SALVATORE ZECCHINI (Board Scientifico): un danno per imprese e cittadini

I ritardi di pagamento del settore pubblico alle imprese, segnatamente le piccole e medie, rappresentano uno dei fattori che hanno aggravato la crisi dell’ultimo quinquennio, sia sul piano dell’economia complessiva, sia su quello della vitalità del sistema imprenditoriale italiano. Va ricordato che le PMI rappresentano una grossa componente nella formazione del reddito nazionale e sono particolarmente vulnerabili nell’accesso alle fonti di finanziamento. La crisi, innescata nel 2008 dalle gravi insolvenze nel sistema finanziario americano, nel 2011-12 ha assunto caratteristiche prettamente nazionali per le ripercussioni dei notevoli squilibri accumulati nel debito pubblico italiano. Il settore pubblico ha quindi esercitato effetti negativi sulla condizione finanziaria delle imprese attraverso i due canali dei ritardi di pagamento e del rischio d’insolvenza sul suo debito.
Le imprese ne sono state colpite in termini di aggravio del costo del denaro, ma soprattutto attraverso un notevole razionamento dell’offerta di credito bancario alle tante imprese considerate a rischio. In una situazione di forte carenza di liquidità, particolarmente tra le PMI, pagare il debito pubblico commerciale in arretrato è divenuto quindi un fattore essenziale per la sopravvivenza delle imprese e il sostegno all’economia.
In termini di ritardo nei pagamenti rispetto alle scadenze contrattuali l’Italia si pone in una posizione estrema rispetto agli altri Paesi dell’Unione Europea. Si tratta in media nell’anno trascorso di circa 90 giorni in più rispetto alla data di scadenza, con il risultato che i tempi medi di pagamento hanno raggiunto i 170 giorni.
Sia il governo Monti sia quello attuale, pur consapevoli dell’effetto che l’eliminazione dei ritardi avrebbe nell’accrescere il già elevato peso del debito pubblico, hanno messo in campo misure per alleviare il problema. In ciò l’Italia non è l’unico Paese a presentare gravosi ritardi, ma gli altri due Paesi che condividevano la stessa condizione – la Spagna e la Grecia – hanno reagito più rapidamente e con maggiore determinazione. Entrambi hanno ridotto il peso di questi arretrati con il supporto del sistema bancario e delle istituzioni finanziarie estere. Il nostro Paese invece non ha avuto sostegno dall’estero e ha dovuto trovare la soluzione sulla base delle proprie forze e mettendo in campo nuove garanzie al sistema bancario.

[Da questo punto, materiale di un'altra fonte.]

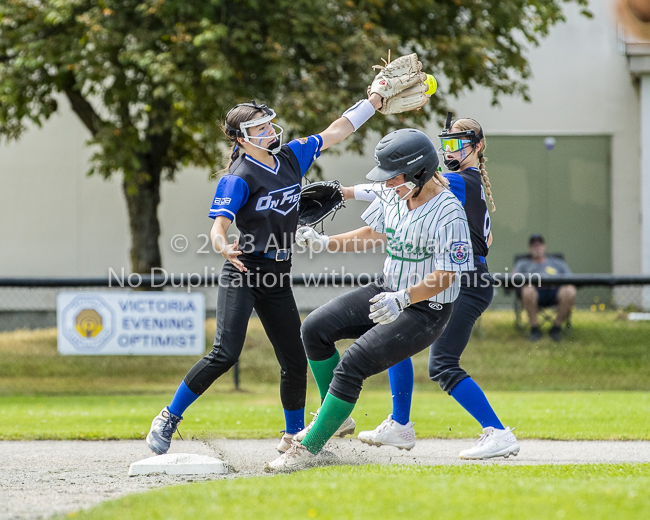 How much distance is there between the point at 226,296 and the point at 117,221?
14216 millimetres

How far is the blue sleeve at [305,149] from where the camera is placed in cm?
463

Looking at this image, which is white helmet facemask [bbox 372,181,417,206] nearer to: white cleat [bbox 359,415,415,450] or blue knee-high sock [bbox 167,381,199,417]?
white cleat [bbox 359,415,415,450]

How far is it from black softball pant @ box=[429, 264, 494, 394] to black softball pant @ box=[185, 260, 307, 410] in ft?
2.61

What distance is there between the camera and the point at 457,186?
14.7ft

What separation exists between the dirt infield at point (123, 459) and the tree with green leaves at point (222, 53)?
236 inches

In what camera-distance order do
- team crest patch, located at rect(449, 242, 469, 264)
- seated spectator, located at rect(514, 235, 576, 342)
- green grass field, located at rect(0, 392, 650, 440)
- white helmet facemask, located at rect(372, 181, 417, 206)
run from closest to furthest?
team crest patch, located at rect(449, 242, 469, 264), white helmet facemask, located at rect(372, 181, 417, 206), green grass field, located at rect(0, 392, 650, 440), seated spectator, located at rect(514, 235, 576, 342)

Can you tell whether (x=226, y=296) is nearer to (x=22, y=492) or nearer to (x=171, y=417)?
(x=171, y=417)

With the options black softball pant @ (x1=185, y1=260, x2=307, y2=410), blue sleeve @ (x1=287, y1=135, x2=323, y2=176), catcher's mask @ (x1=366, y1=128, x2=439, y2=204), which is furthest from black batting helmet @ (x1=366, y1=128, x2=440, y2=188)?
black softball pant @ (x1=185, y1=260, x2=307, y2=410)

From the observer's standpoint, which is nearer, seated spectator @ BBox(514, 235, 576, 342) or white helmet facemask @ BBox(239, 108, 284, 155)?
white helmet facemask @ BBox(239, 108, 284, 155)

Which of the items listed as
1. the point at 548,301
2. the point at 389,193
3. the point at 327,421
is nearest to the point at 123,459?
the point at 327,421

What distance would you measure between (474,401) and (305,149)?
1.80 meters

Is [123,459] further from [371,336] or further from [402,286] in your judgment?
[402,286]

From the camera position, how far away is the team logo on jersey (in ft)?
14.3

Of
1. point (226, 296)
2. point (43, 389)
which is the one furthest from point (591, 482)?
point (43, 389) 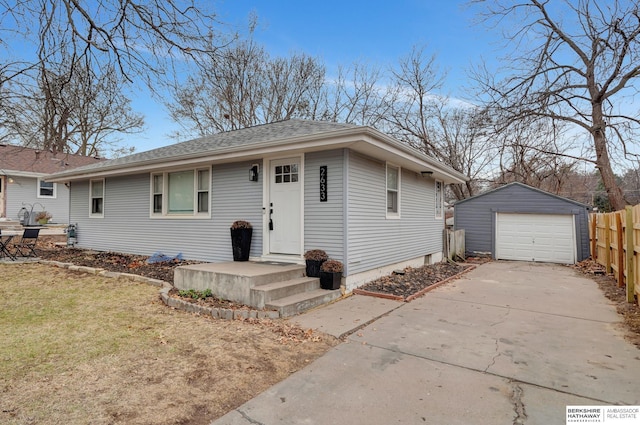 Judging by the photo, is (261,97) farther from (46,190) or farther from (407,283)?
(407,283)

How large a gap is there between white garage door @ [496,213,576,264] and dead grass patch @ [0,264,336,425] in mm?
11643

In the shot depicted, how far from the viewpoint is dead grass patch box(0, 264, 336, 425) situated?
98.5 inches

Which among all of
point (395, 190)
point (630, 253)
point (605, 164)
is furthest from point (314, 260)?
point (605, 164)

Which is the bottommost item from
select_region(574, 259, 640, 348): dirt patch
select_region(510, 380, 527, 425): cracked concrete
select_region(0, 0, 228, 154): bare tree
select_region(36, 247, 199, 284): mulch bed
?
select_region(574, 259, 640, 348): dirt patch

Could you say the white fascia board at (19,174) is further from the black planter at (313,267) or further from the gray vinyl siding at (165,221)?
the black planter at (313,267)

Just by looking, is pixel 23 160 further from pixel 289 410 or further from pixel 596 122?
pixel 596 122

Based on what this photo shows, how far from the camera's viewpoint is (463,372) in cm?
322

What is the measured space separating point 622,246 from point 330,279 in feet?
20.1

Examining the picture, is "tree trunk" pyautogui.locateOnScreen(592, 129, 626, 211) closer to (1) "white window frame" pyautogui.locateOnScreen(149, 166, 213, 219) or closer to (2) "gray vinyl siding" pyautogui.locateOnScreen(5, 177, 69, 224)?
(1) "white window frame" pyautogui.locateOnScreen(149, 166, 213, 219)

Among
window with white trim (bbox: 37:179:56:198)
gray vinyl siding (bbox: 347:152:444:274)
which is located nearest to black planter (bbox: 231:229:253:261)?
gray vinyl siding (bbox: 347:152:444:274)

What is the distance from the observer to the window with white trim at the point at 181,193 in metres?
8.44

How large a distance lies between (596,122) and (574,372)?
45.4ft

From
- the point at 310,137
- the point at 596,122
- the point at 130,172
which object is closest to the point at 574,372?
the point at 310,137

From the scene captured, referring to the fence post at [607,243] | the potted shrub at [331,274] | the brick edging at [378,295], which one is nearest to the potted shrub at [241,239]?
the potted shrub at [331,274] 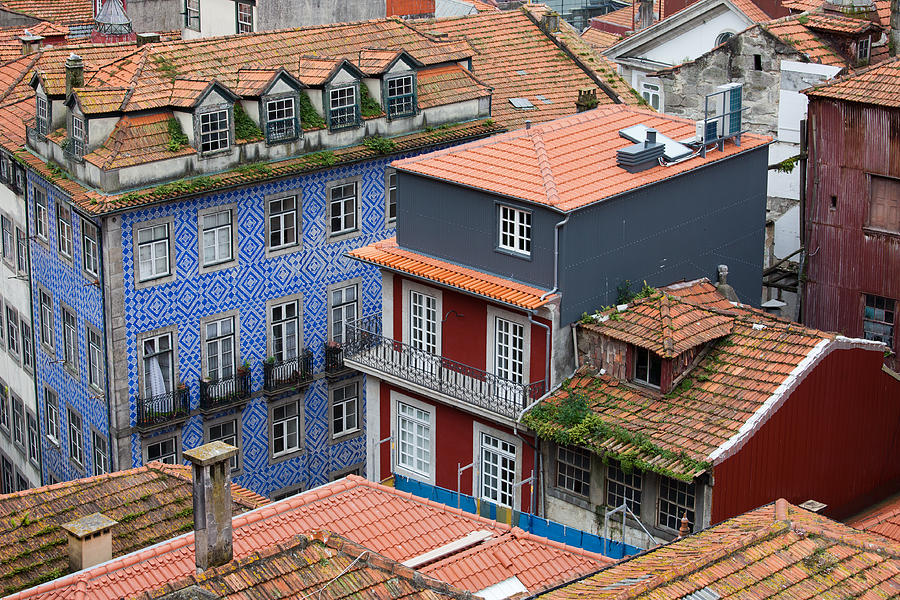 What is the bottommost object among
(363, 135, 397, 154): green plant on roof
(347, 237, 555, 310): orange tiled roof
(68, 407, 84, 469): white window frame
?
(68, 407, 84, 469): white window frame

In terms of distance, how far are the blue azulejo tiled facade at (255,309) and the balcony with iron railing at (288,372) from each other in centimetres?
16

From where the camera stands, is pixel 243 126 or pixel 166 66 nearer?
pixel 243 126

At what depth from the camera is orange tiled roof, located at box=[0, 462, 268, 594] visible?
1168 inches

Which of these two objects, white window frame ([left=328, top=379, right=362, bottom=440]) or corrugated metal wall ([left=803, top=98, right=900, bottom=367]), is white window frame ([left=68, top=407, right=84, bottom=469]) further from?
corrugated metal wall ([left=803, top=98, right=900, bottom=367])

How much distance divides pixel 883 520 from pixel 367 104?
2230 centimetres

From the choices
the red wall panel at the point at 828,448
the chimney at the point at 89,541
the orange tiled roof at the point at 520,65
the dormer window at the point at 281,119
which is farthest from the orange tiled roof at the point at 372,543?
the orange tiled roof at the point at 520,65

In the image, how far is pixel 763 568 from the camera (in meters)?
25.0

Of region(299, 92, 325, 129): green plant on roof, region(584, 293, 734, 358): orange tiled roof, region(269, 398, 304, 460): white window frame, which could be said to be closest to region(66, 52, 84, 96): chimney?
region(299, 92, 325, 129): green plant on roof

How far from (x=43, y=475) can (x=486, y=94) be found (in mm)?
19813

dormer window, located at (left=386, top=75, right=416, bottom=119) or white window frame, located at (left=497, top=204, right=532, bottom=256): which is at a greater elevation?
dormer window, located at (left=386, top=75, right=416, bottom=119)

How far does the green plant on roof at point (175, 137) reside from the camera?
44.9 metres

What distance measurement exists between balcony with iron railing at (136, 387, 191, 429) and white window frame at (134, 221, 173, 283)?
142 inches

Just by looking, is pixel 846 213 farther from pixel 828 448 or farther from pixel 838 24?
pixel 838 24

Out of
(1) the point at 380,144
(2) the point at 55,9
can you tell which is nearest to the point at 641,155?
(1) the point at 380,144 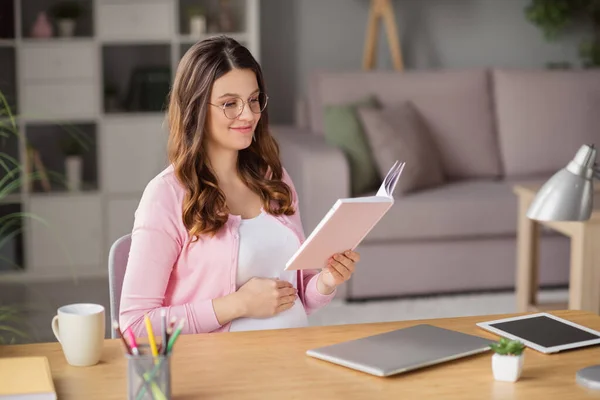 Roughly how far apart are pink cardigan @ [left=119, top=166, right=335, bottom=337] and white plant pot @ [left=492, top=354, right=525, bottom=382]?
59 centimetres

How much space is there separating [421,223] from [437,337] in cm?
249

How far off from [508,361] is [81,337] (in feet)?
2.20

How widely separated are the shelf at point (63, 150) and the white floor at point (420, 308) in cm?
151

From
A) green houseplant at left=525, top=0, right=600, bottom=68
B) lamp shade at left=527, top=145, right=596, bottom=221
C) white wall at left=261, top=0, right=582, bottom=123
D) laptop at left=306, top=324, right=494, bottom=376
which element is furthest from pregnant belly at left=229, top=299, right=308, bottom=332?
green houseplant at left=525, top=0, right=600, bottom=68

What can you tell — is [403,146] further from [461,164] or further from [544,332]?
[544,332]

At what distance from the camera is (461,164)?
4.82 meters

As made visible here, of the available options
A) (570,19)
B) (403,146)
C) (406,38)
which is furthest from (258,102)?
(570,19)

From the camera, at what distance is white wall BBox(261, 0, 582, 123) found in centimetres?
543

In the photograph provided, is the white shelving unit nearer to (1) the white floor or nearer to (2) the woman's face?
(1) the white floor

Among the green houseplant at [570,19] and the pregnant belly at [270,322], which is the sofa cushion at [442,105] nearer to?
the green houseplant at [570,19]

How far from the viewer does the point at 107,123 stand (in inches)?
192

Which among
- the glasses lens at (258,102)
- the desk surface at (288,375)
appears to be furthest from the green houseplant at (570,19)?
the desk surface at (288,375)

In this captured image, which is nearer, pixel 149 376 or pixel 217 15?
pixel 149 376

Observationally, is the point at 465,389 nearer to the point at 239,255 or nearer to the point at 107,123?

È evidente che gli arretrati di pagamento dei debiti commerciali pesano sull’economia, ma gravano anche sulle tasche dei cittadini. Pesano sull’economia in termini di competitività del sistema, pesano sui cittadini che si trovano a dover sostenere il peso di una tassazione aggiuntiva per coprire la mora sugli arretrati. Va peraltro considerato che le imprese che forniscono beni e servizi al settore pubblico sono consapevoli del problema e quindi caricano sui loro prezzi di vendita il costo aggiuntivo che devono sostenere per finanziare le vendite stesse. Ne consegue un ulteriore gonfiamento della spesa pubblica.
La soluzione del problema oggi va vista sotto due profili: 1) abbattere i tempi medi di pagamento per riportarli in linea con i limiti raccomandati dall’Unione Europea (che sono 60 giorni); 2) riportare gli enti territoriali all’osservanza di una disciplina di bilancio anche nelle loro commesse pubbliche. Il contributo di analisi che il Centro Studi “ImpresaLavoro” ha appena pubblicato è molto utile per far comprendere all’opinione pubblica italiana non solo la dimensione del problema, ma i suoi costi più ampi e rappresenta altresì uno stimolo alle autorità ad accelerare quelle misure annunciate (ma non ancora attuate) attraverso un’attenta gestione delle grandezze di bilancio. Queste misure darebbero un contributo efficace a ravvivare la domanda interna, specialmente gli investimenti fissi, nella strategia di rianimazione di una crescita economica, che appare tutt’ora un miraggio lontano.